Refreshing idea on Fourier analysis
Fumihiko Ishiyama
TL;DR
The paper argues that the conventional time–frequency resolution limit in Fourier analysis arises from numerical methods and boundary conditions rather than fundamental physics, citing the classical bound $|\Delta f \Delta t| \ge h/2\pi$ as a misattributed origin. It proposes a generalized complex-mode expansion with $S(t)=\sum_{m=1}^M e^{H_m(t)}$ and $H_m'(t)=2\pi i f_m(t)+\lambda_m(t)$, in which Fourier is recovered as a special case, together with a locally linearized solution around $t_k$ and a non-standard LPC-based estimation of $H_m'(t_k)$. The instantaneous spectrum is derived via a Laplace–Fourier hybrid integral, yielding $F_{\rm disc}(f,t_k)=\sum_m|\frac{c_m(t_k)}{\lambda_m(t_k)+2\pi i(f_m(t_k)-f)}|$, which provides per-term spectra and a power spectrum $F_{\rm disc}^2$ while addressing boundary-condition artifacts. Demonstrations on frequency-modulated signals show that the method enables less-than-a-cycle time–frequency analysis and spectrograms that reveal instantaneous frequency dynamics, with resolution tied to data granularity rather than the classical windowing constraint. Overall, the work offers a new mathematical perspective on boundary conditions in Fourier analysis and presents a practical framework for high-resolution time–frequency analysis with potential benefits for signal separation and nonlinear-system analysis.
Abstract
The "theoretical limit of time-frequency resolution in Fourier analysis" is thought to originate in certain mathematical and/or physical limitations. This, however, is not true.
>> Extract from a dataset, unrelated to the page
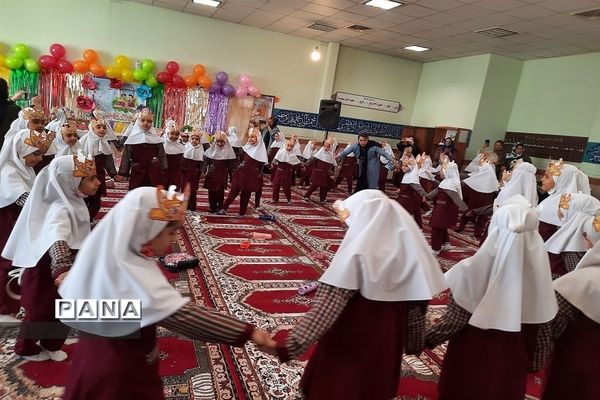 جشن الفبا برای دختران کلاس اولی در دبستان ۲۲ بهمن شهرستان قدس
The actual origin arises from the numerical (technical) method deployed to reduce computation time. In addition, there is a gap between the theoretical equation for Fourier analysis and its numerical implementation. Knowing the facts brings us practical benefits. In this case, these related to boundary conditions, and complex integrals. For example, replacing a Fourier integral with a complex integral brings a hybrid method for the Laplace and Fourier transforms, and reveals another perspective on time-frequency analysis. We present such a perspective here with a simple demonstrative analysis.